An impressive fact is that China’s growth over 20 years (2000 to 2022) is equivalent to the United States’ growth over 80 years (1925–2005), and the next five years (2022–2027) should be equivalent to an additional 14 years in the U.S., leaving only 8 years of gap. At this pace, China could reach the U.S. by the end of the decade. Another notable point is that during the pandemic, the public sector bailed out the private sector to provide relief by increasing government spending, and in 2022 the altered balance of public versus private wealth began to revert.

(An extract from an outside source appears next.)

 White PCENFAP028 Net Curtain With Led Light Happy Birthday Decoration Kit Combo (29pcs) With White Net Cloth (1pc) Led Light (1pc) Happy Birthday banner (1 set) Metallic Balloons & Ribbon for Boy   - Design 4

Vulnerable workers are employed in low-skilled, low-paid jobs with little job security. They are often exploited by their employers and forced to work long hours for low pay, or to work in dangerous conditions. (the public service umion
Financial and non-financial assets differ based on how they are bought and sold. Many financial assets, such as stocks and bonds, are traded on exchanges and can be bought or sold on any business day the exchange is open. It is easy to obtain the current market price to buy or sell these assets. As long as the market is liquid, there will be a buyer for every seller and vice versa. On the other hand, a non-financial asset, such as equipment or a vehicle, can be difficult to sell because there is no active market of buyers and sellers. The price of the non-financial item may be uncertain, as there is no market standard. Instead, many non-financial assets are sold when the seller finds a potential buyer and negotiates a sale price. The time required to find a buyer, complete the sale, and transfer the physical asset makes non-financial assets illiquid. (Financial wealth and Non-Financial wealth).